2016 was supposed to be your time. The Republicans didn’t go with a seasoned politician, but a billionaire tycoon reality television star who, to this day, doesn’t understand what words should be capitalized. Should’ve been a shoo-in. A cakewalk. The presidency was yours, all yours, just add a few drops of the blood of young virgins to your spirit cookout, and abracadabra, President Hillary Clinton.
Except those stupid deplorables grabbed the Trump lever by the p*ssy and denied you, once more, your Satan-given re-birthright.
2008 wasn’t your year. 2016 wasn’t your year. But 2020? It’s all you, boo.
Think about it, Hillary. You’ve got four more years of hard living with Bill etched into your cantankerous skin mask you call a face. If there’s one thing America loves more than a president riding a good economy, it’s an aging angry woman who doesn’t know how to human.
The authenticity there is just mind-blowing. How DO you do it?
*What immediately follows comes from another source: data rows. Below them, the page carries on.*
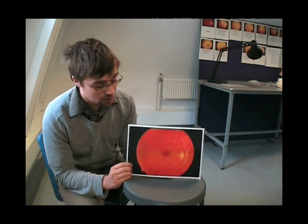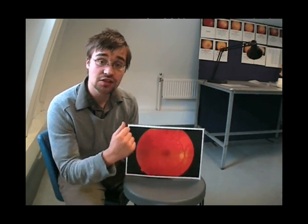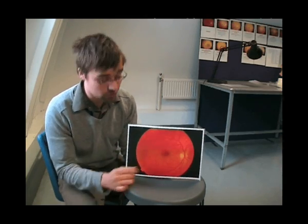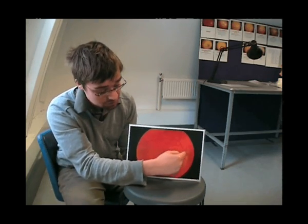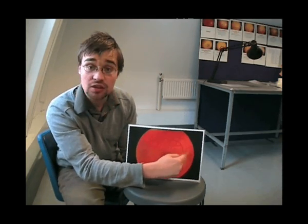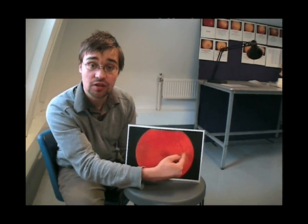Having done the ophthalmoscopy, this is what you may see as a retina — this is a normal retina. It's worth remembering that you don't actually see the entire retina in one go; you would only see a small proportion, maybe this much, as I'm circling my finger.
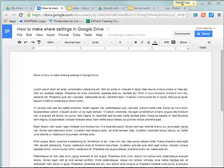This short video will show you how to set your sharing permissions in Google Drive so that others can view, edit, or comment on your document.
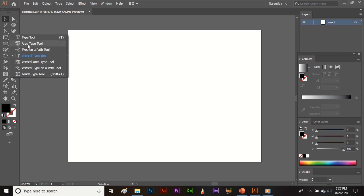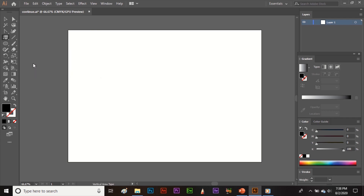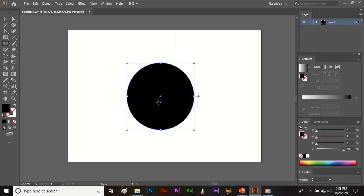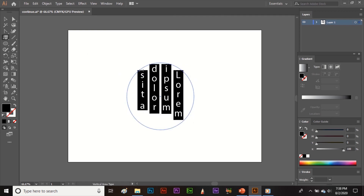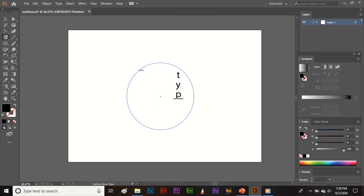This is the Area Type Tool, and here is the Vertical Area Type Tool — just the opposite of the Area Type Tool. You will be writing the text vertically, and other things are the same as the Area Type Tool.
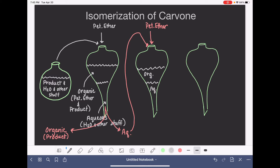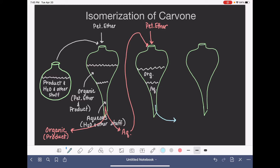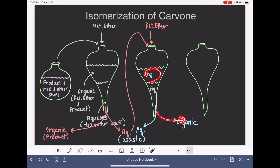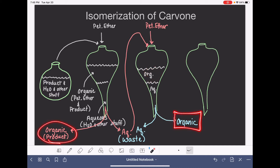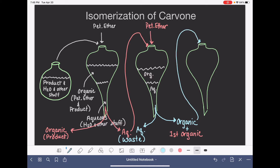When we drain this out, we'll drain the aqueous layer first since it's on the bottom, and that aqueous layer is waste. Then we'll drain the organic layer and combine it with the first organic layer. We're going to take both of those combined organic layers and put them back into the separatory funnel again for another round — this time adding sodium bicarbonate solution, NaHCO₃, which is dissolved in water. So once again we'll get an aqueous layer on the bottom and the organic layer on top.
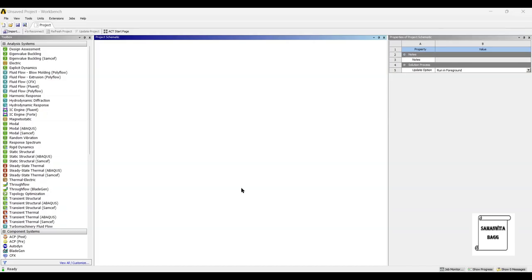Hello everyone, welcome to the next session on ANSYS Workbench Tutorials. In this session, we are going to analyze the Gudgeon pin for its modal analysis.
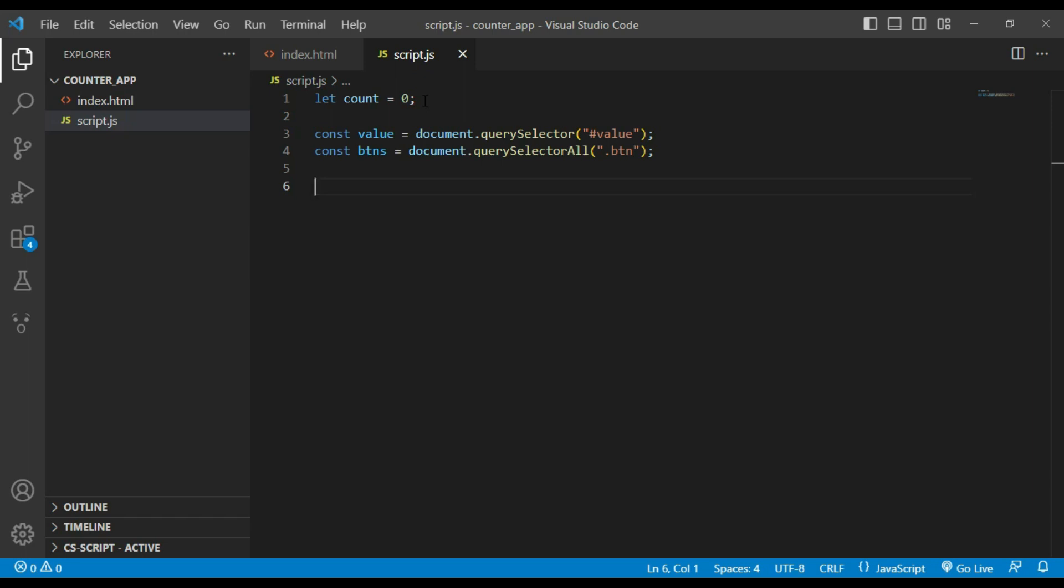The difference between querySelector and querySelectorAll is querySelector selects the first element that matches a specified CSS selector, meanwhile querySelectorAll selects all elements that match the specified CSS selector.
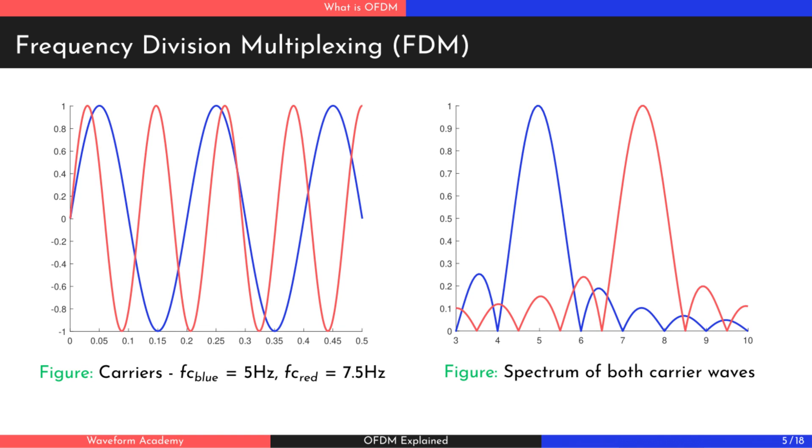However, this approach comes at a cost. The subchannels need to be spaced far apart to ensure that the main lobes of each channel do not interfere with the side lobes of others. This issue is overcome in orthogonal frequency division multiplexing.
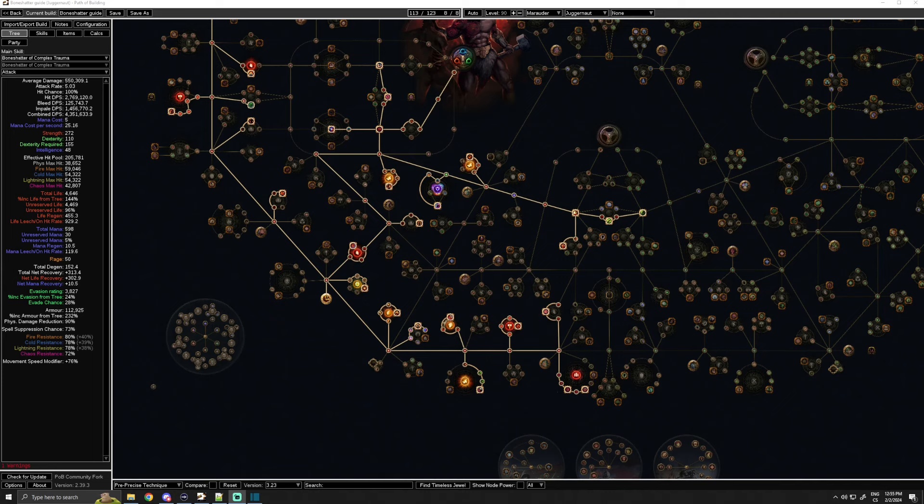When it comes to what league mechanics you want to farm, the answer is most likely just going to be the classic SSF answer: Betrayal and Expedition.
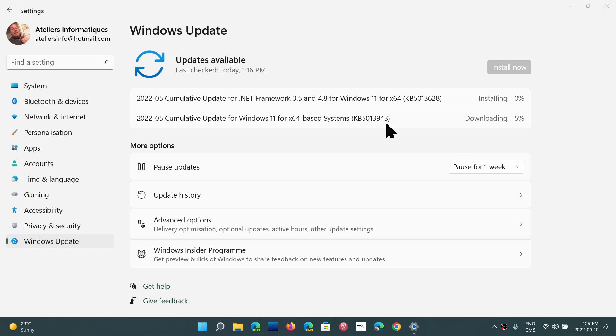So for Windows 11, KB5013943, Patch Tuesday updates are upon us today, May the 10th, 2022.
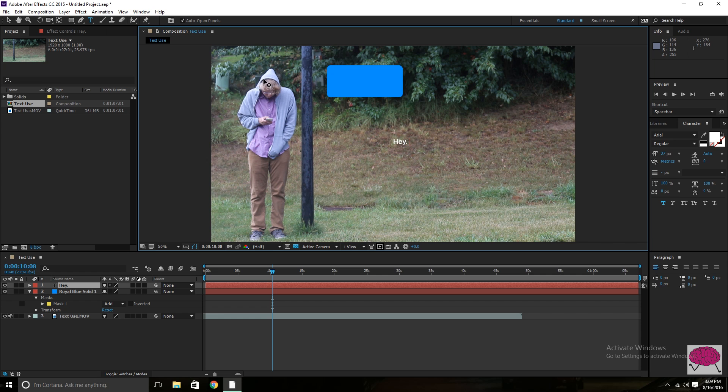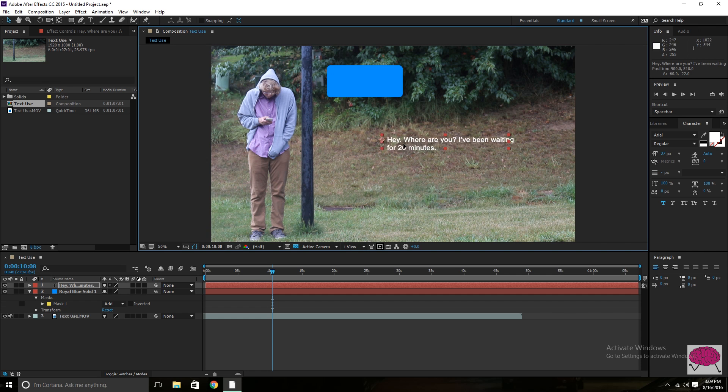So, hey, where are you? Just whatever. Let's make it a little longer. I've been waiting for, I don't know, 20 minutes. Alright. So there you go. You've got the basis of the text you're going to use.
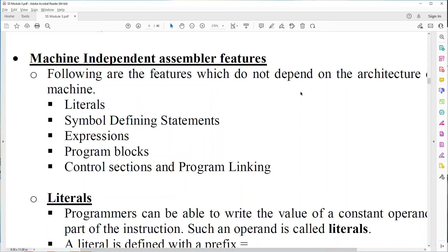Measure independent assembler features. There are five features: literals, symbol defining statements, expressions, program blocks and control section. In this video I'm going to explain symbol defining statements and expressions.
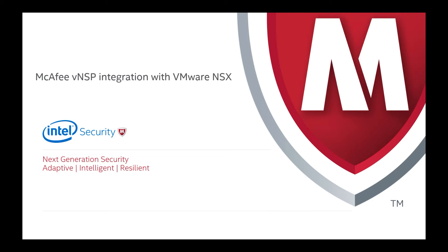Hi, welcome to the demo for McAfee's virtual network security platform. The integration of McAfee NSP into VMware NSX allows you to dynamically protect, manage, remediate, and support compliance in your software-defined data center with next-generation intrusion prevention system services. This video will provide a demonstration of these capabilities. Let's get started.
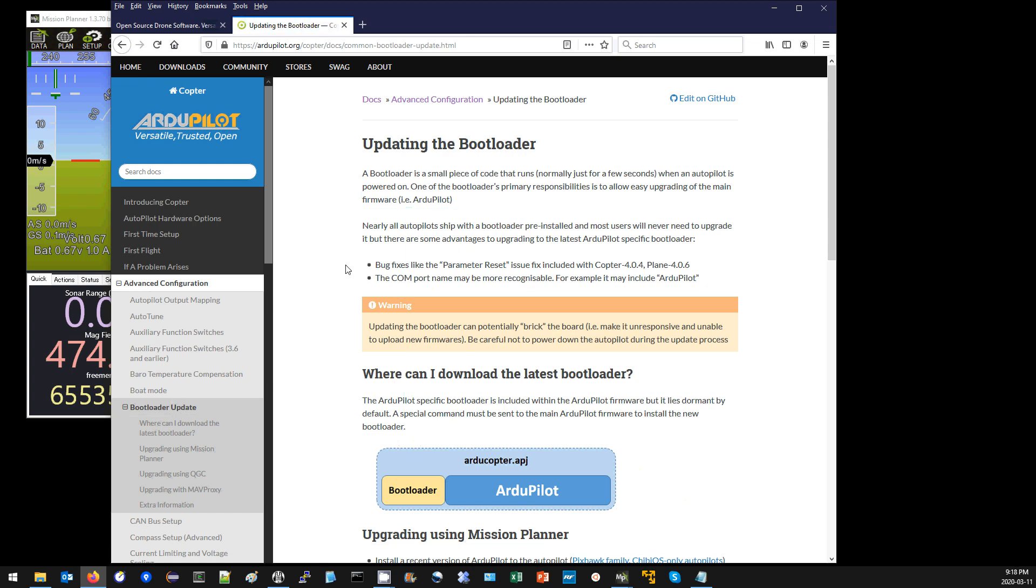So what is a bootloader? A bootloader is a small piece of code that runs just for a few seconds when the autopilot is first powered on, and its primary purpose is to make it easy to load the main ArduPilot firmware onto the autopilot hardware.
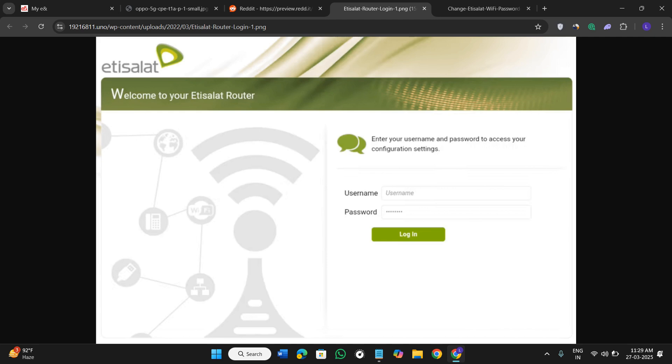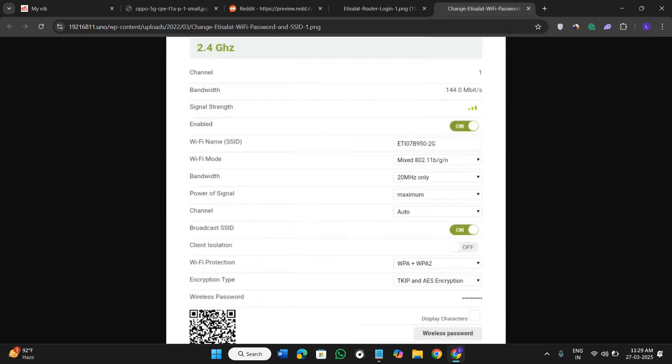After providing these details, you will login into your account. Once you have successfully logged in, you need to navigate to the wireless or wi-fi or network settings section, then locate the option for wi-fi password or network key.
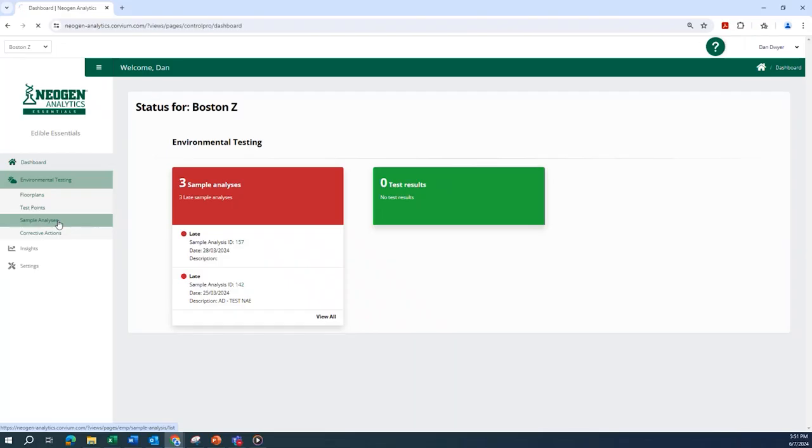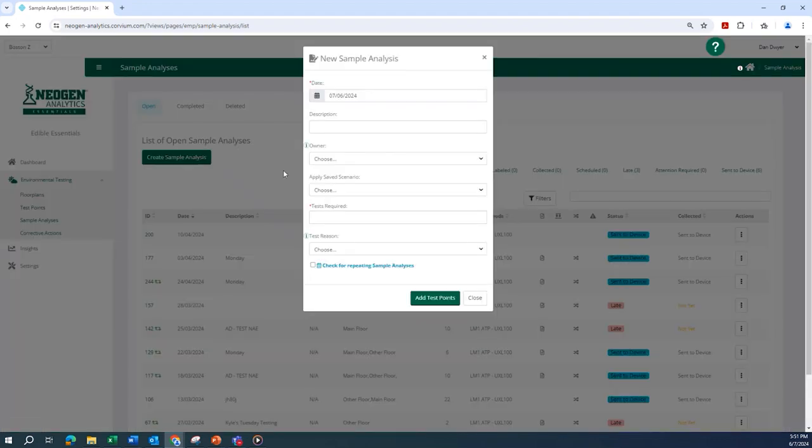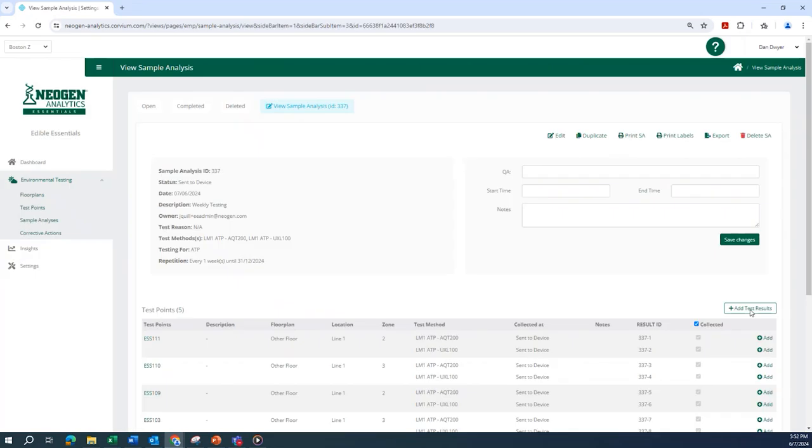To create a testing schedule, select sample analyses under environmental testing in the left hand menu. Select create sample analysis and you will be prompted to complete plan details. When ready, select add test points to include specific swabbing locations to the schedule.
You’ve had four years of practicing how to emulate human emotions. Don’t let that precious time go to waste, babe. Meanwhile, as you’ve been studying the ways of mortals, Trump’s been sneaking in some Twitter time and making up words. Just ignore his moments of brilliance like the Photograph tweet or the constant nailing of Jim Acosta. Whatever you do, don’t read about the economy’s successes. Small potatoes. What Americans want is to look into the cold eyes of a woman repeatedly scorned, cheated on by her husband, overlooked for a stylish black man who can’t curl a 20-pound dumbbell, and giver of the Russian reset red button. Hell, San Francisco is spray-painting a mural of the scowly Greta Thunberg. So see, there really is a niche liberal market for miserable coots.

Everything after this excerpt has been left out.